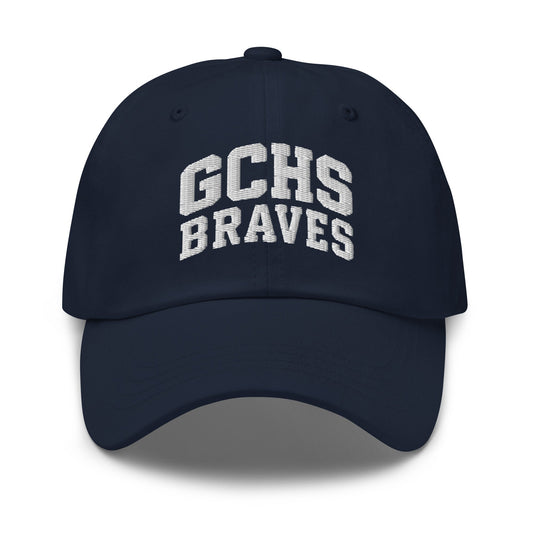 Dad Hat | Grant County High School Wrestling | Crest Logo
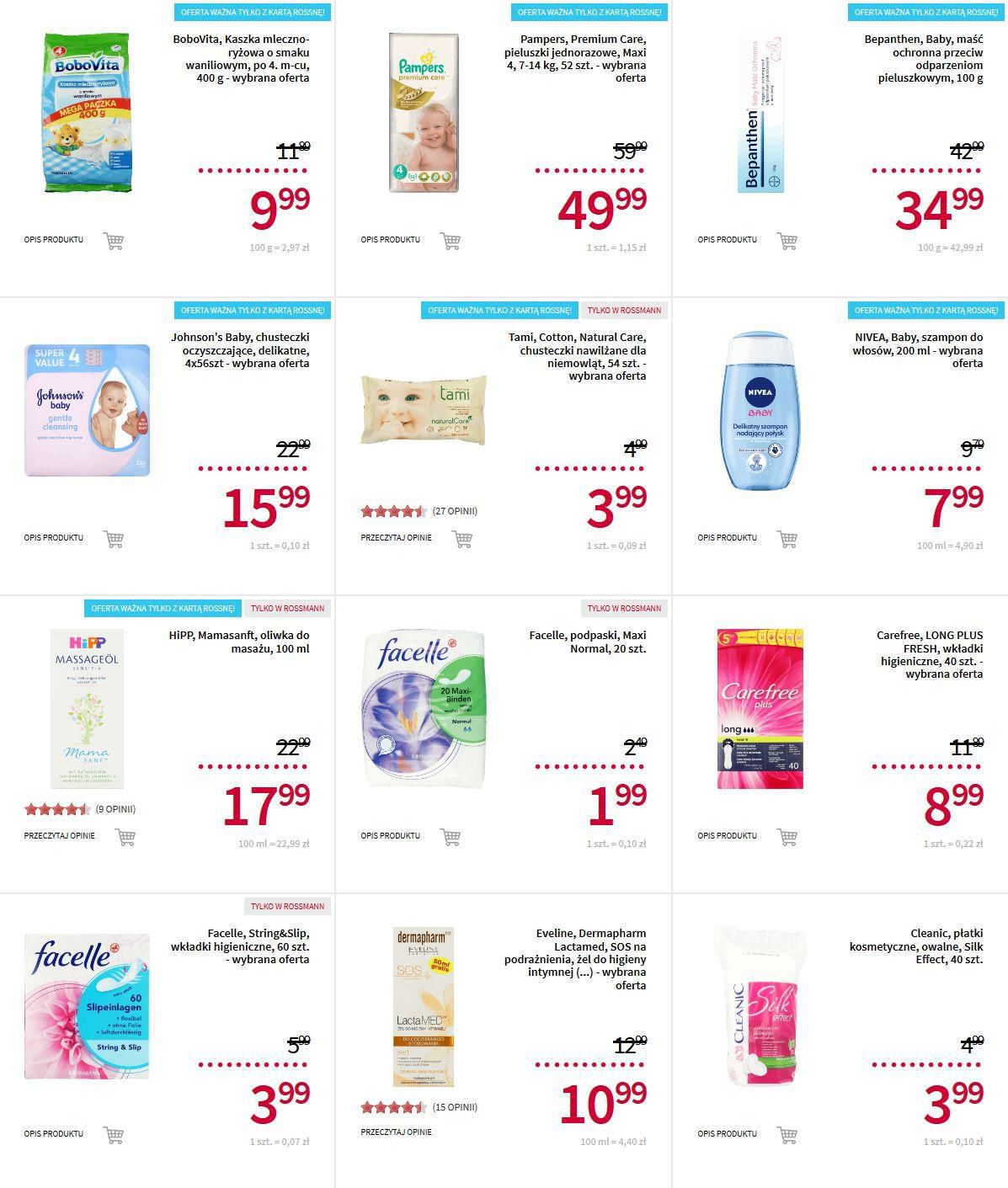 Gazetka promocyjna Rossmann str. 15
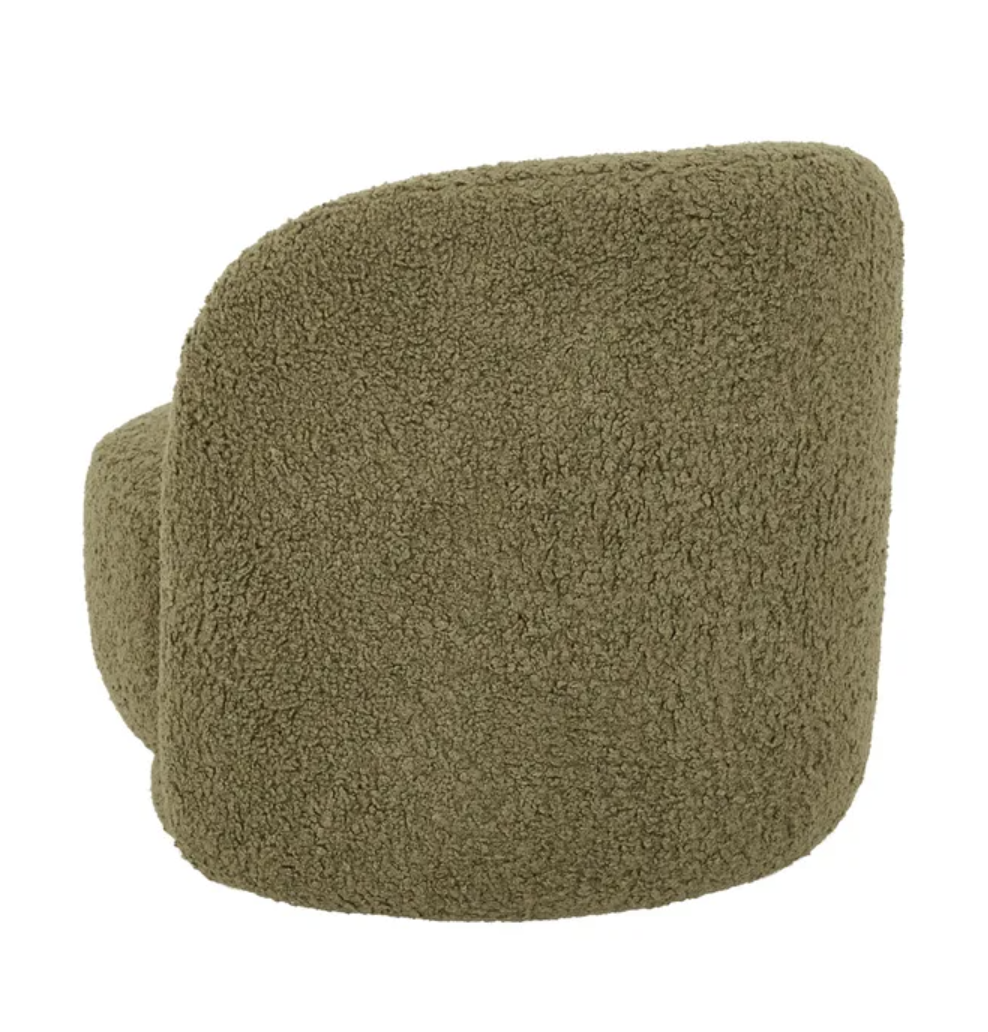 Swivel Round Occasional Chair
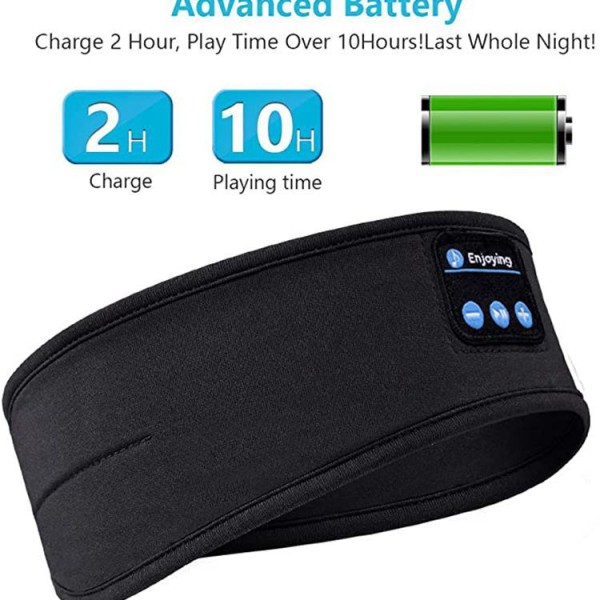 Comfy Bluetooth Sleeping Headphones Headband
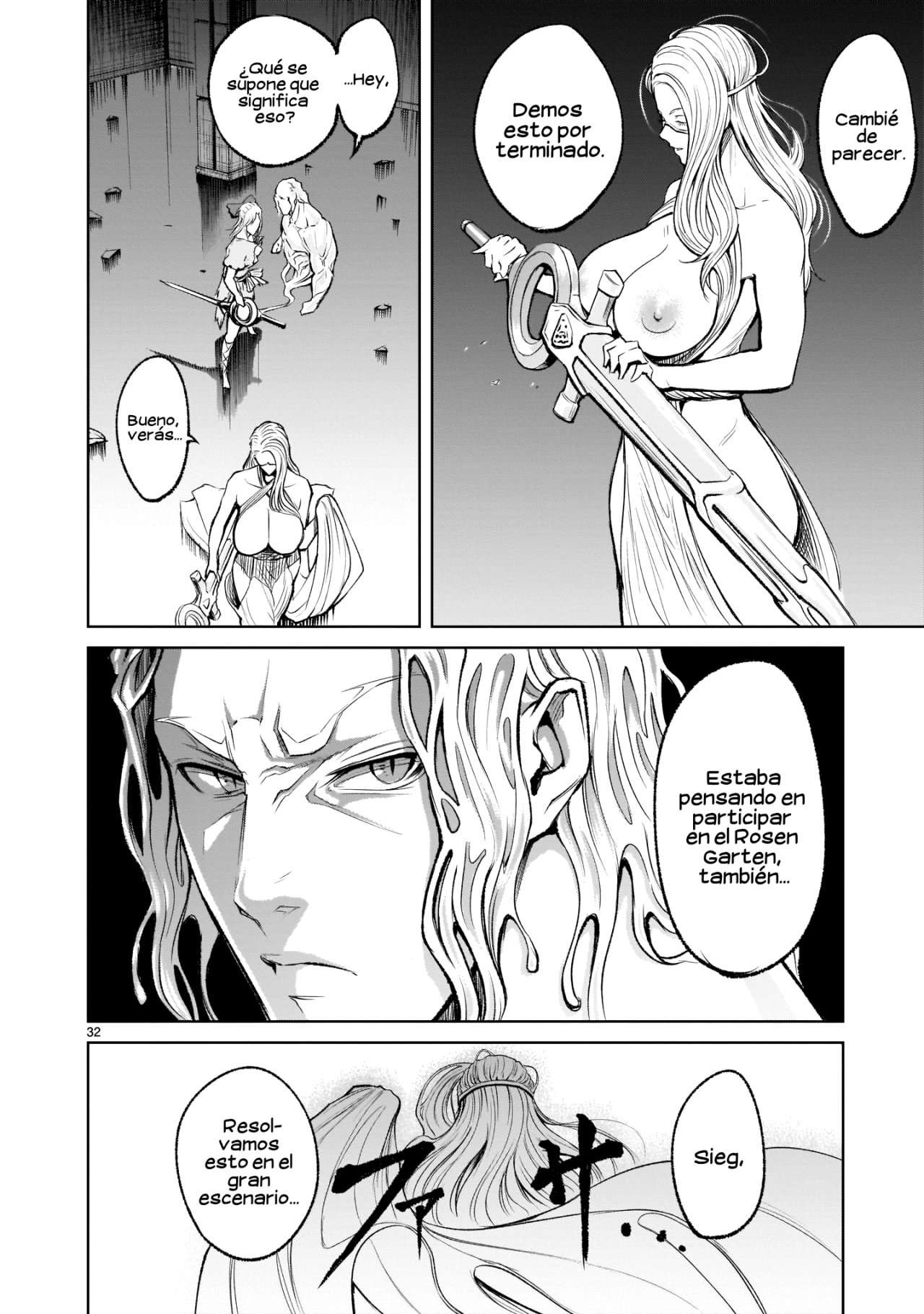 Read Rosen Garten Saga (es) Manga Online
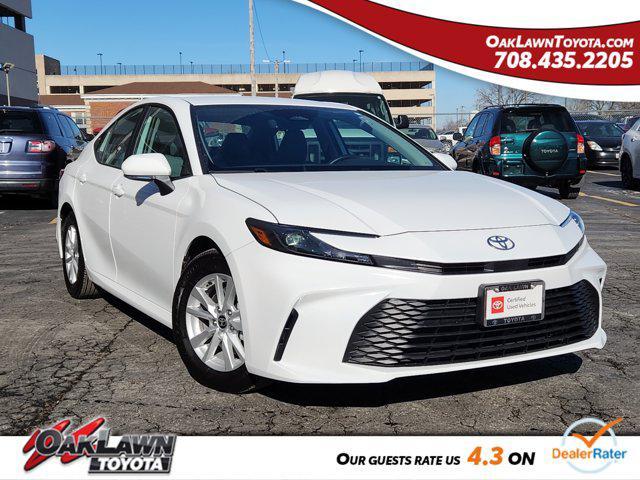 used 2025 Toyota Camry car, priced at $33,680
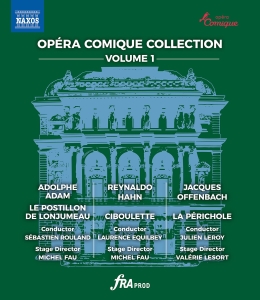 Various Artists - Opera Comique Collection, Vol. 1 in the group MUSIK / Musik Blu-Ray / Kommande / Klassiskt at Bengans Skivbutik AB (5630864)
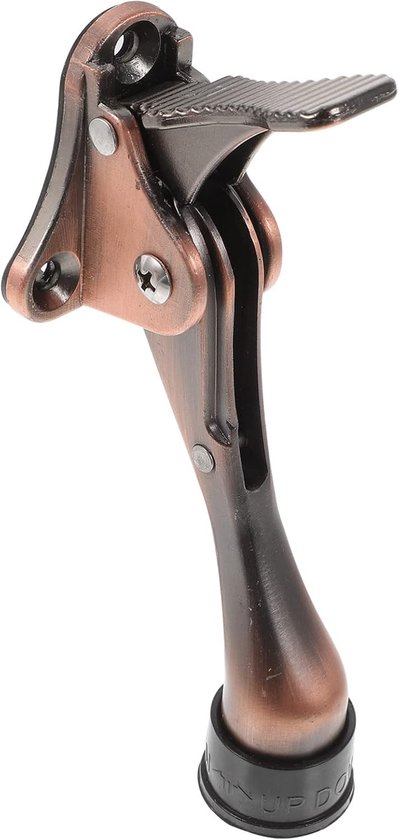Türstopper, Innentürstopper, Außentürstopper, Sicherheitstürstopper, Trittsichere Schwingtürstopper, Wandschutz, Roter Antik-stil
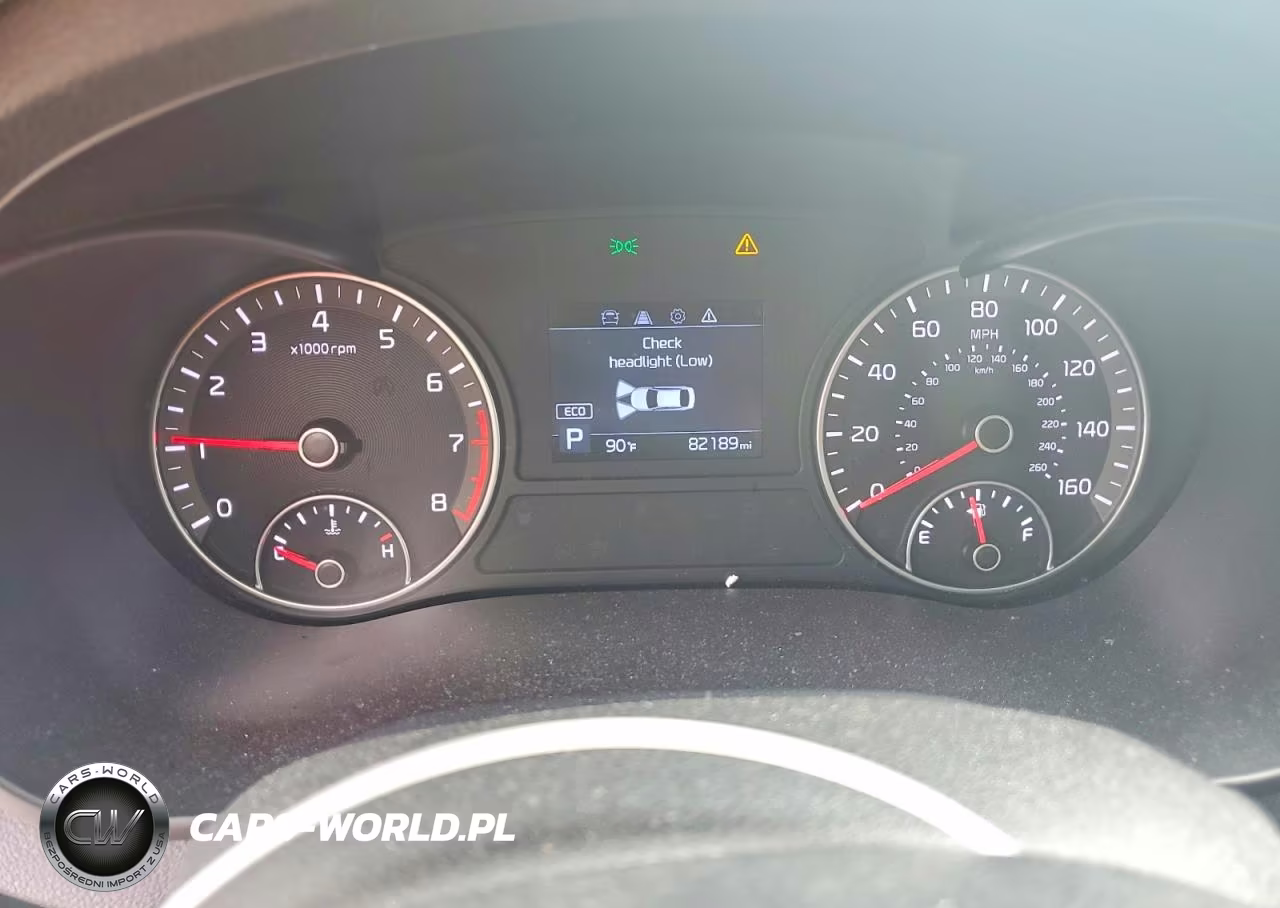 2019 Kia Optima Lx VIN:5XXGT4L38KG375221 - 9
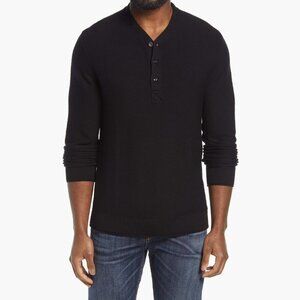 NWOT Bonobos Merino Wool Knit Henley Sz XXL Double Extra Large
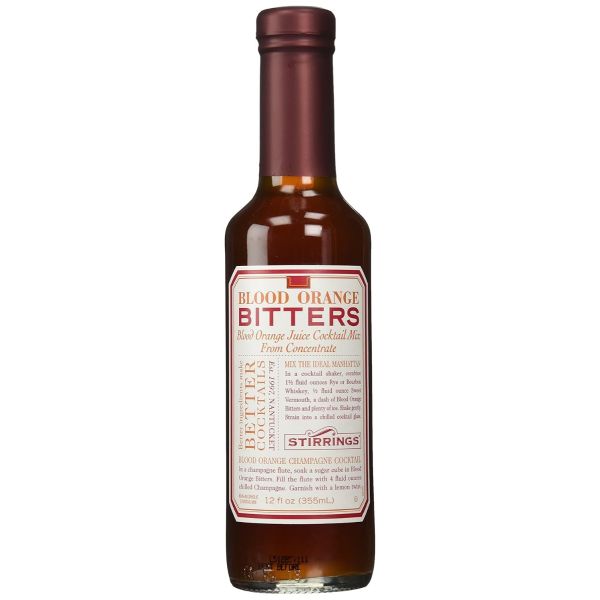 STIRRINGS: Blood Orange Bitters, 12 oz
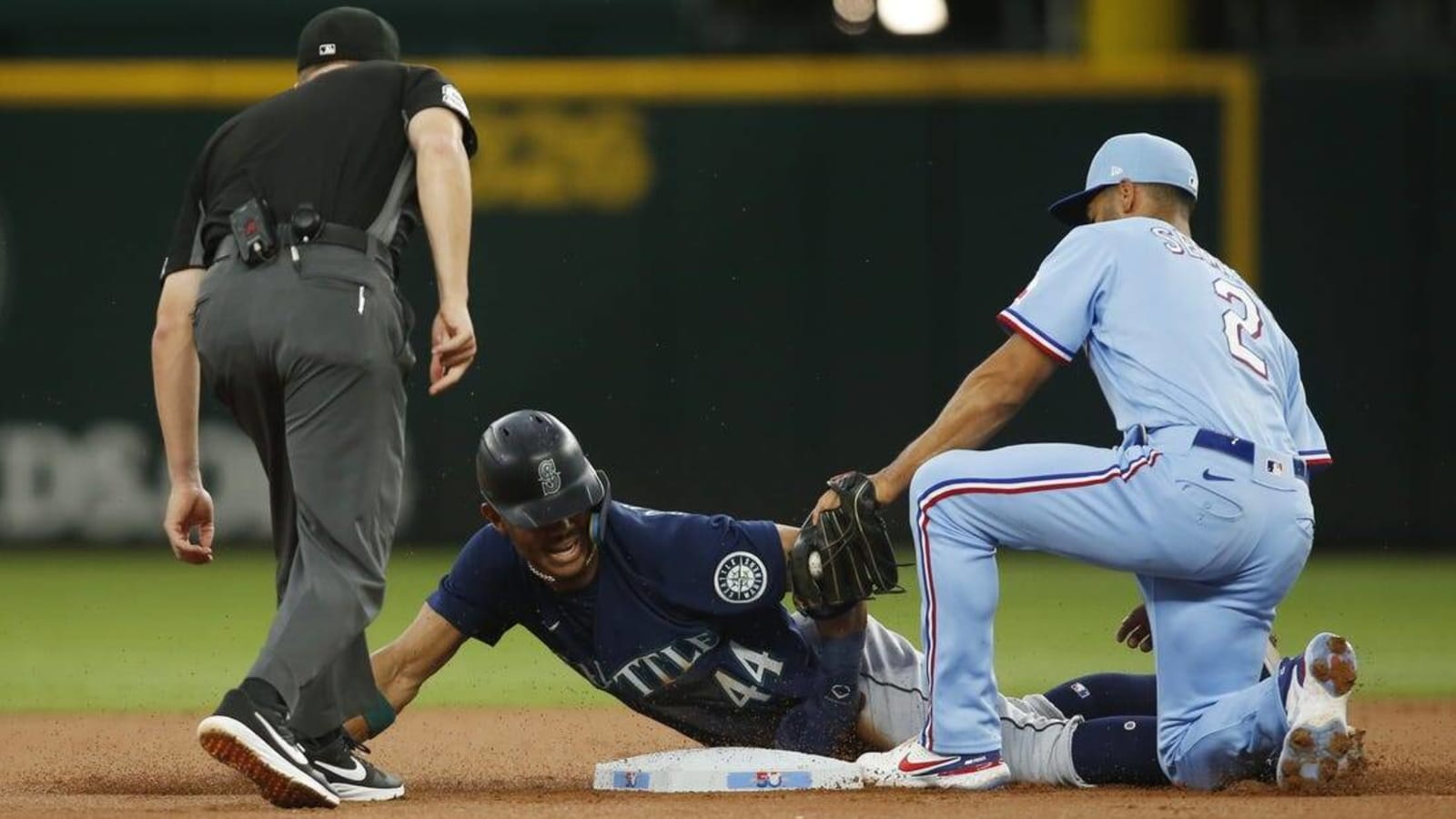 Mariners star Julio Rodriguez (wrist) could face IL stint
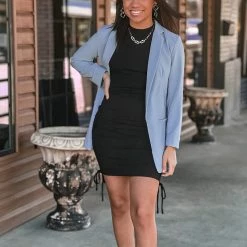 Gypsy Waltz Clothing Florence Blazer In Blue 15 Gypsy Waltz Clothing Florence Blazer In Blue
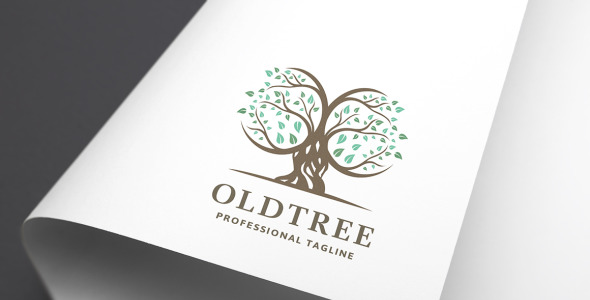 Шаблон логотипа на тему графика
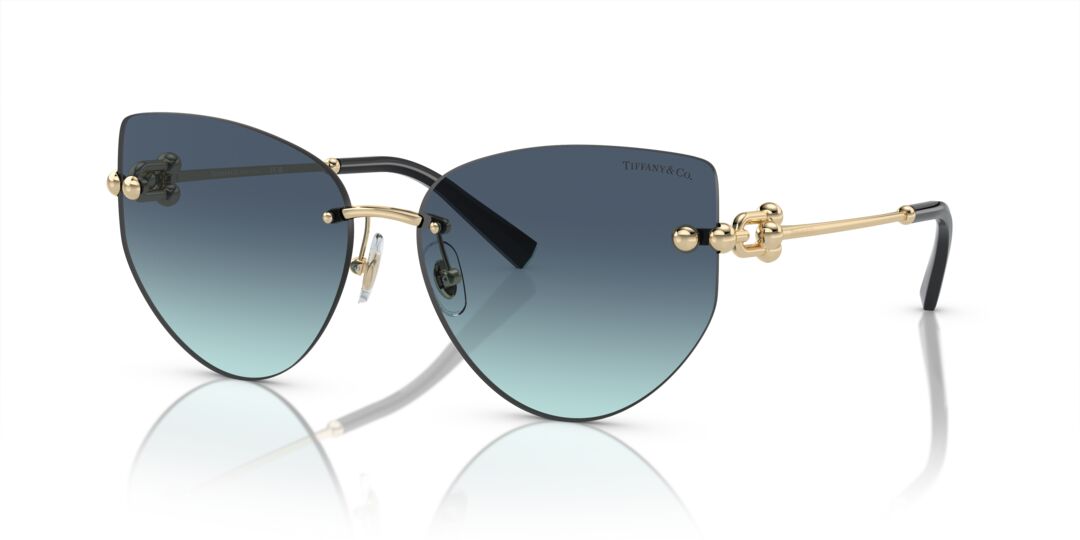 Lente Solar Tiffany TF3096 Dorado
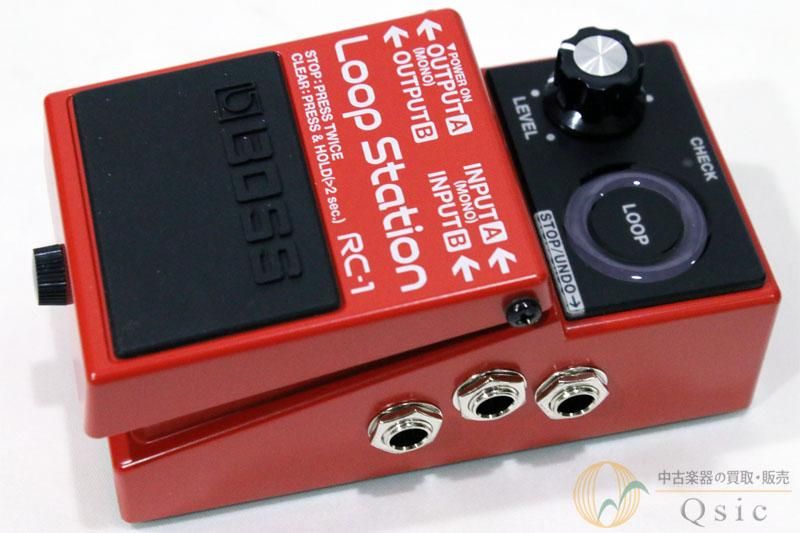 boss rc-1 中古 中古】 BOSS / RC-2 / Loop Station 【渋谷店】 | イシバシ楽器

****************

▸ **What needs to be done**:
All lines from the one with "used 2025 Toyota" through the end of the records above must be reproduced exactly, both ends included, and the pictures must be left out.

▸ **Finished exercise**:
 used 2025 Toyota Camry car, priced at $33,680
 Various Artists - Opera Comique Collection, Vol. 1 in the group MUSIK / Musik Blu-Ray / Kommande / Klassiskt at Bengans Skivbutik AB (5630864)
Türstopper, Innentürstopper, Außentürstopper, Sicherheitstürstopper, Trittsichere Schwingtürstopper, Wandschutz, Roter Antik-stil
 2019 Kia Optima Lx VIN:5XXGT4L38KG375221 - 9
 NWOT Bonobos Merino Wool Knit Henley Sz XXL Double Extra Large
 STIRRINGS: Blood Orange Bitters, 12 oz
 Mariners star Julio Rodriguez (wrist) could face IL stint
 Gypsy Waltz Clothing Florence Blazer In Blue 15 Gypsy Waltz Clothing Florence Blazer In Blue
 Шаблон логотипа на тему графика
 Lente Solar Tiffany TF3096 Dorado
 boss rc-1 中古 中古】 BOSS / RC-2 / Loop Station 【渋谷店】 | イシバシ楽器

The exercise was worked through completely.